• ASSIGNMENT:
Copy all lines below exactly as written. Leave pictures out.

• SUPPLIED INFORMATION:
--- START ---

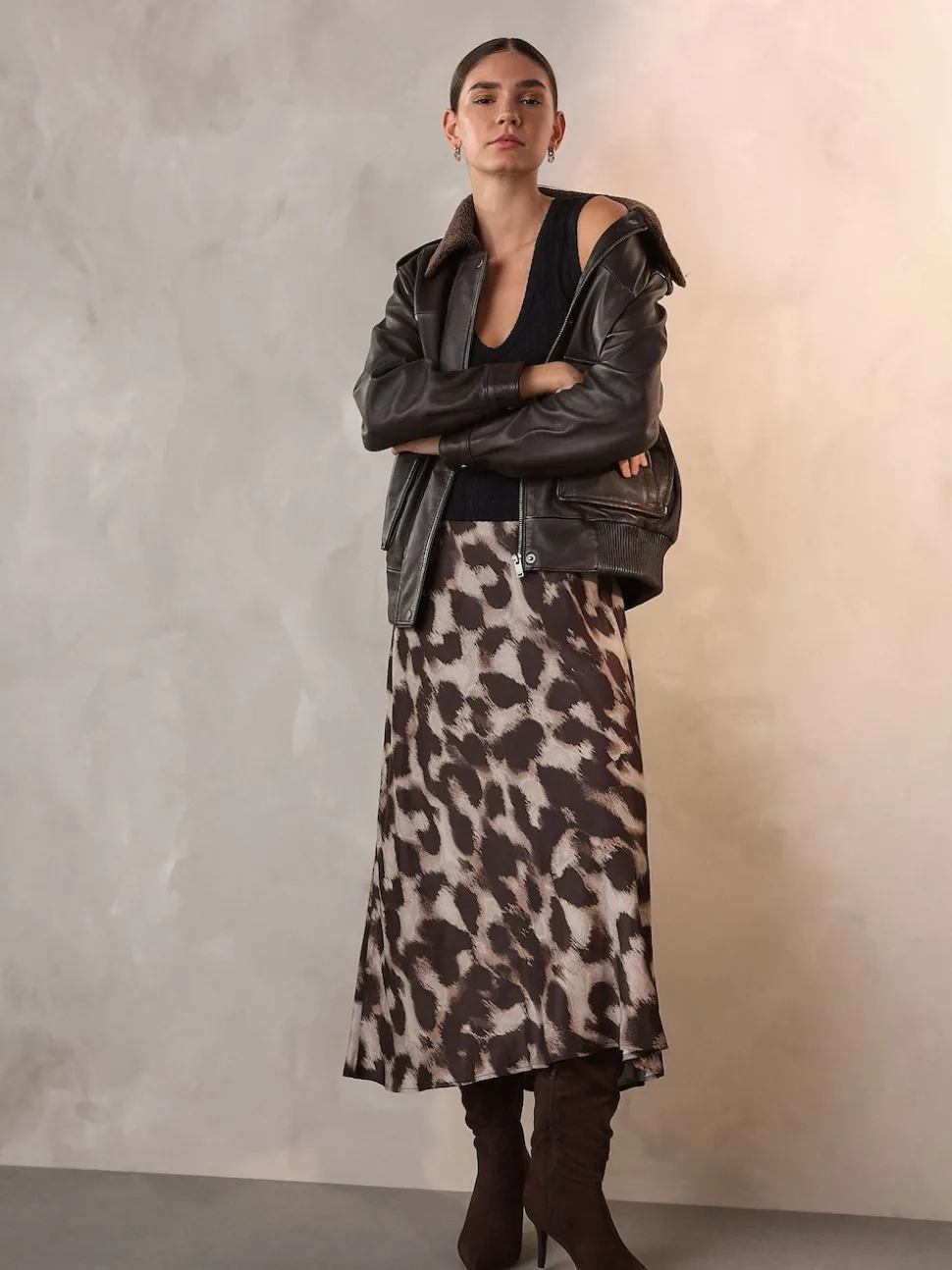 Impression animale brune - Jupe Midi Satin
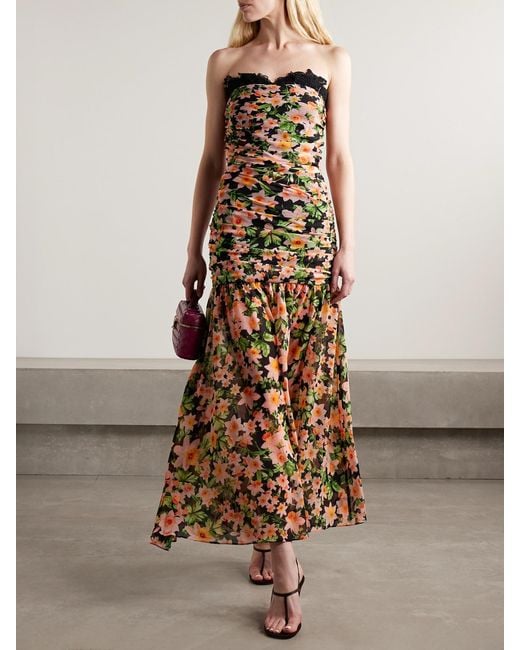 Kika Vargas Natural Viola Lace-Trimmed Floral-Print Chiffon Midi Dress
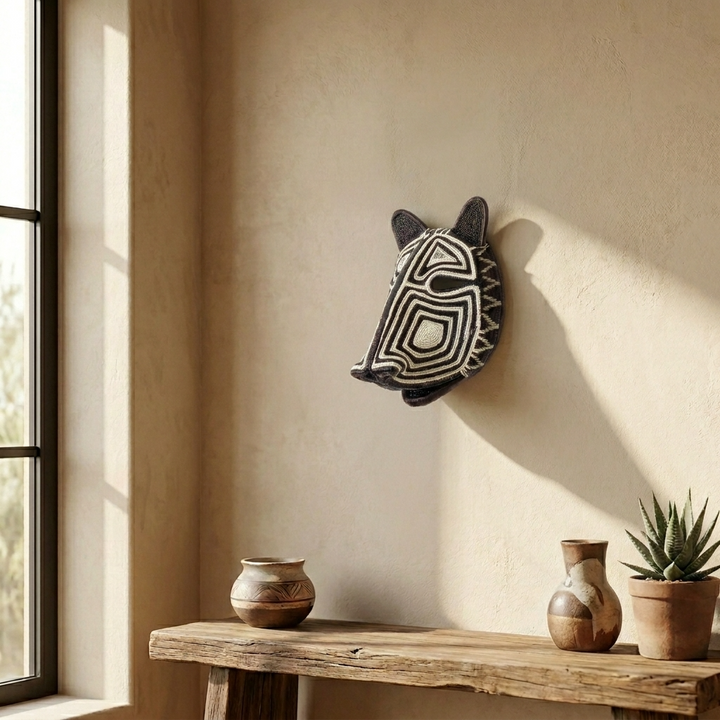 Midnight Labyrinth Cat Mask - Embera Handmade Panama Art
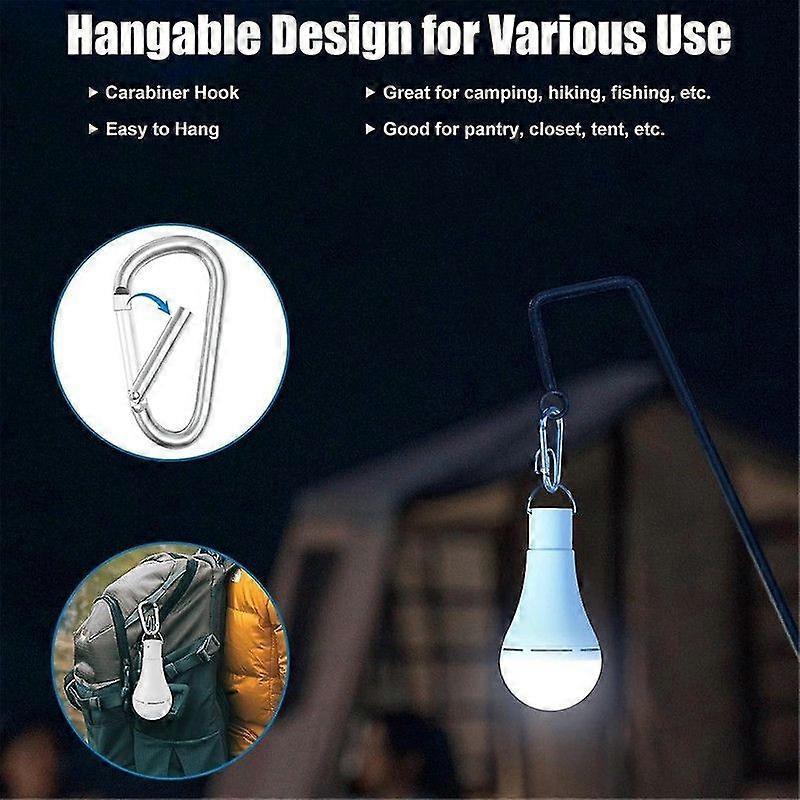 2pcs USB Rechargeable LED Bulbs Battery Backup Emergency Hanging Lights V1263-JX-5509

--- END ---

• ANSWER AREA:
 Impression animale brune - Jupe Midi Satin
 Kika Vargas Natural Viola Lace-Trimmed Floral-Print Chiffon Midi Dress
 Midnight Labyrinth Cat Mask - Embera Handmade Panama Art
 2pcs USB Rechargeable LED Bulbs Battery Backup Emergency Hanging Lights V1263-JX-5509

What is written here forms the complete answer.